Group 2B consists of 23 patients (82.1%) awaiting pituitary surgery and 5 patients (17.9%) who started treatment with a dopamine agonist. A total of 10 patients (35.7%) who were all treated with pituitary surgery, from group 2B, were started on thyroid replacement therapy later, and 1 patient (3.6%) was lost in follow-up. The 17 patients (60.7%) in group 2B who never received thyroid replacement therapy showed a significant increase in mean T4corr from 58 (SD ± 7.9) at t1 to 78 ± 19.8 nmol/L at t2 (mean time 1.5 ± 1.6 years, p-value <0.001). A further and significant increase was also observed at the last follow-up (after 8.7 ± 6.6 years) with a mean T4corr of 75 ± 24.6 nmol/L (p-value 0.007). There was no correlation between the risk of developing post-surgical CH and the type of surgical procedures used or the need of post-surgical treatment including desmopressin or hydrocortisone replacement therapy (data not shown).
Adverse effects
71.6% of the patients had registered mild side effects to the TRH test that disappeared spontaneously within minutes. These consisted of sweating (41.0%), palpitations (24.5%), dizziness (22.5%) and tiredness (16.3%), and were mainly observed at the TRH test accompanied by an ITT test. The side effects observed at the TRH test accompanied by a SAT were an urge to urinate (30.0%), nausea (16.6%) and a strange taste in the mouth (15.6%). One patient (0.3%) experienced a serious side effect consisting of a pituitary apoplexy in relation to the TRH test accompanied by a SAT. This patient was a 30-year-old male with a large prolactinoma with a size of 2.5x1.7x2.3 cm. He had a spontaneous remission without the need for surgery or hormonal replacement therapy.
Discussion
TRH tests have routinely been part of pituitary stimulation tests performed for the diagnosis of pituitary insufficiency at the pituitary referral center at AalborgUH. A total of 359 individual TRH tests were performed, giving rise to a representative cohort of a wide range of pituitary adenoma cases. Each TRH test was interpreted in the respective clinical context, by one of three specialists in pituitary endocrinology who also oversaw the subsequent hormone replacement therapy. Based on this unique data, we observed that a large proportion of patients with a low T4corr and normal fold TSH increase (TRH test) spontaneously normalized their T4corr levels, whereas all patients with low T4corr and low fold TSH increase were diagnosed with CH. We suggest that the TRH test could provide important information in selected cases presenting with low T4, normal TSH but without convincing signs of CH.

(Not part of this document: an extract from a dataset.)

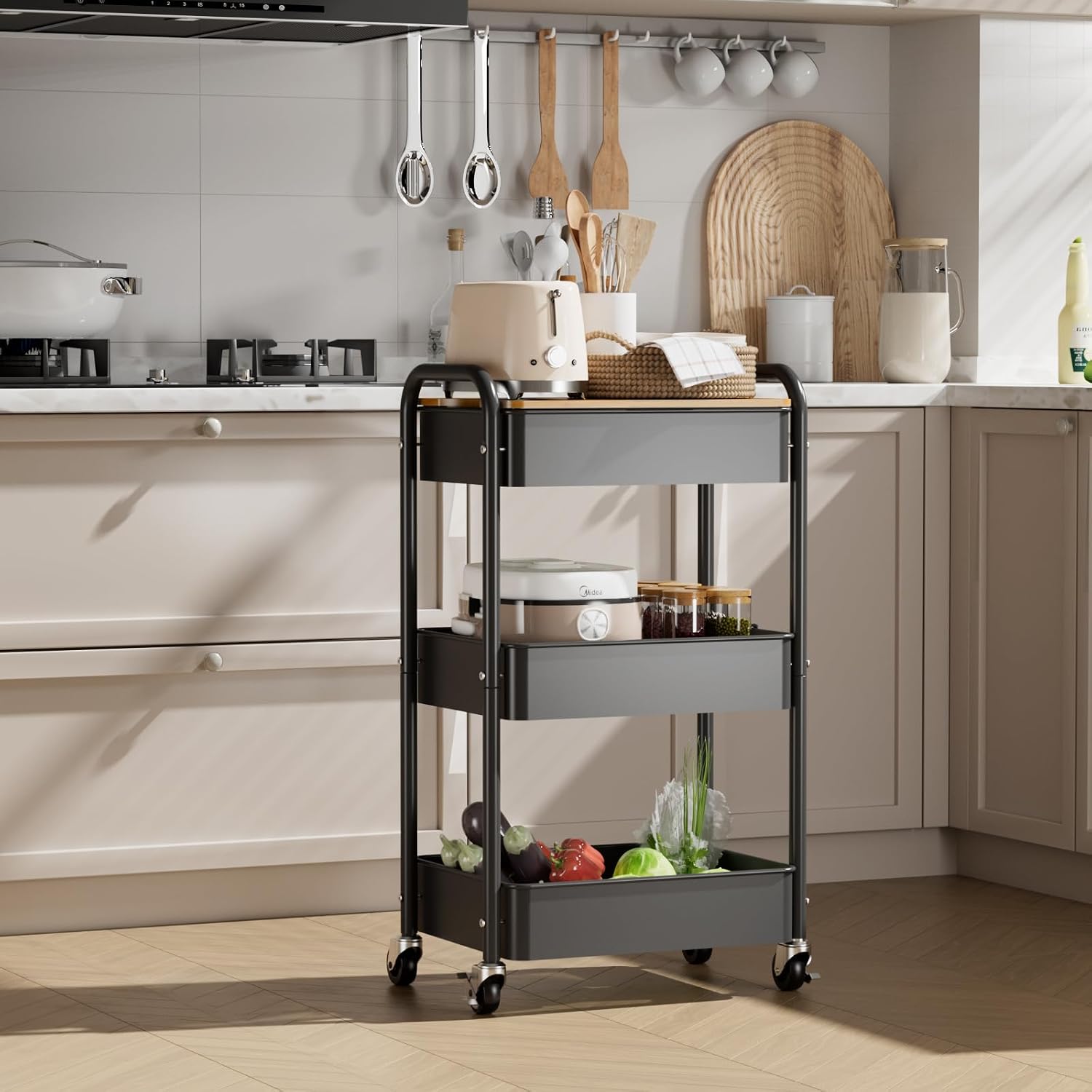 Thumbnail 5 de Shrivee NR-AT66B 3-Tier Metal Serving Trolley with Lockable Wheels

The diagnosis of CH is complicated due to varying bioactivity of circulating TSH and the rather unspecific symptoms of CH in patients with known severe diseases. Traditionally, the diagnosis of CH is based on a 1) low T4 level in conjunction with 2) a low, normal, or mildly elevated TSH 3) in the setting of pituitary disease. This usually confirms a CH diagnosis (5). However, in our cohort half of patients fitting this profile spontaneously normalized their T4corr levels which were subsequently stable during long-term follow-up. Among the 106 patients (n=106) presenting with a decreased T4corr measurement and TSH levels within normal range, only 36 cases (34%) were initially started on thyroid replacement therapy and a total of 41 cases (39%) were finally treated after long time follow-up where several cases had subsequently undergone pituitary surgery. The TRH test has been suggested to be a useful tool in the diagnosis of CH in cases with normal T4 (14–16). In our cohort only few patients with normal T4corr were diagnosed with CH, however a pathological fold TSH increase was not observed in these cases. This may indicate that the TRH test should be restricted to patients with low T4, who do not present with convincing signs of CH.

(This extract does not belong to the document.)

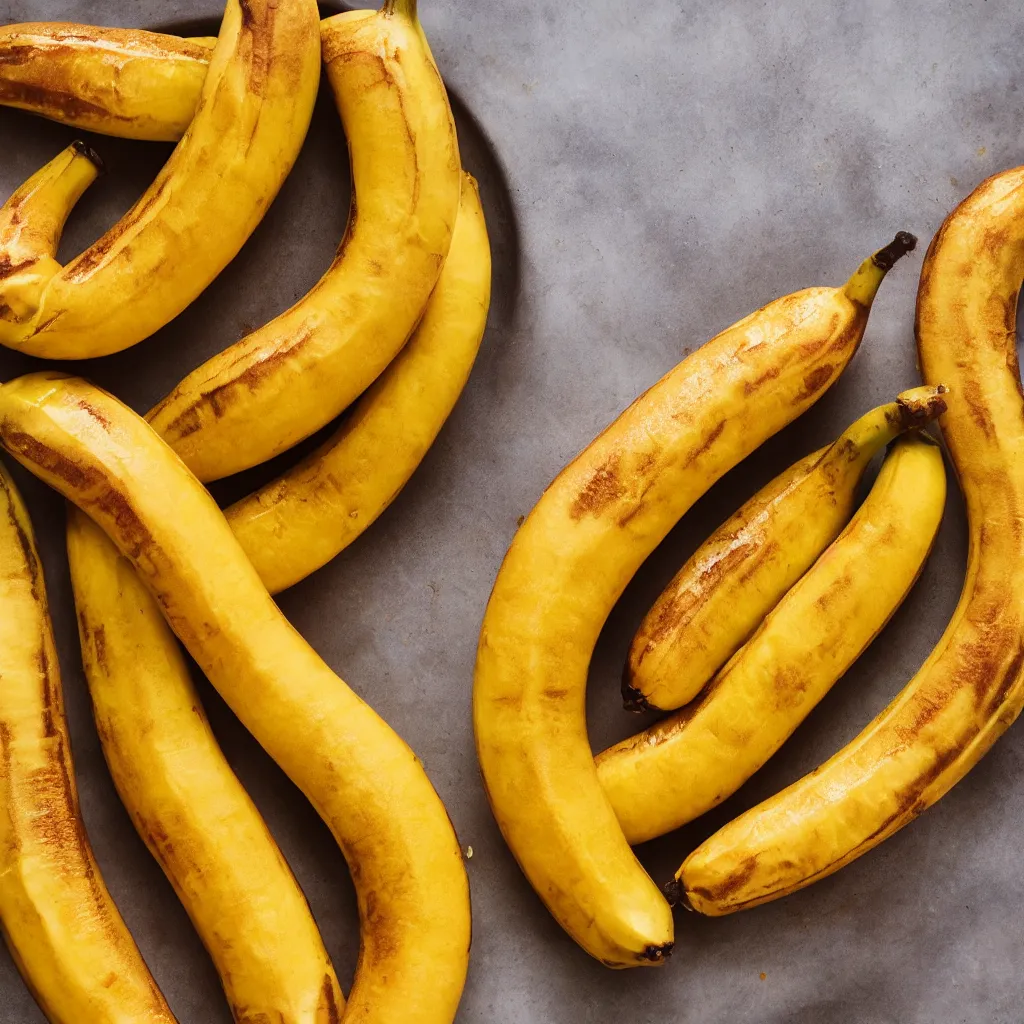 Prompt: long ripe bananas with orange skin, closeup, hyper real, food photography, high quality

The thyroid function spontaneously improved in most of the patients showing an initially low T4corr and a normal TSHfold. After one year of follow-up, the mean T4corr level had normalized, and this level persisted in the long-term follow-up 7.6 years with mean T4corr values within the lower normal range. It is plausible that this small subgroup of patients accounting for only 12% of the total cohort (42 of 359) naturally would lie within the lower reference level of normal, and that even a small fluctuation in T4corr could push this value below the lower reference values. All patients in this cohort were known to have a pituitary disorder, and it is well described that T3 and T4 decrease during acute or critical illness (17). In a group of critically ill patients, the T4 levels were reported to be reduced by 10-15% compared to healthy matched controls (17). Since we included only the first TRH test performed in each patient, we suspect that recent pituitary disease may be comparable to critical illness as regards the effect on pituitary thyroid function.

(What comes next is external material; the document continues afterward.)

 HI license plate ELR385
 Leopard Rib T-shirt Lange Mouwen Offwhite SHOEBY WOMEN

The baseline TSH measurement did not provide additional information in the diagnosis of CH, but in some patients an elevated TSH could confirm a diagnosis of primary hypothyroidism. The TSH levels were almost identical in all subgroups showing a low T4corr and similar to persons with normal T4corr level. In line with this, we did not observe a correlation between baseline TSH level and fold TSH increase (data not shown). Severe pituitary disease may serve as a marker of CH as significantly more patients with CH had known failure of other pituitary axes, i.e., multiple hormonal deficiencies. Symptoms of hypothyroidism also provide valuable information, although a large overlap in these and symptoms of chronic illness was observed (4, 7).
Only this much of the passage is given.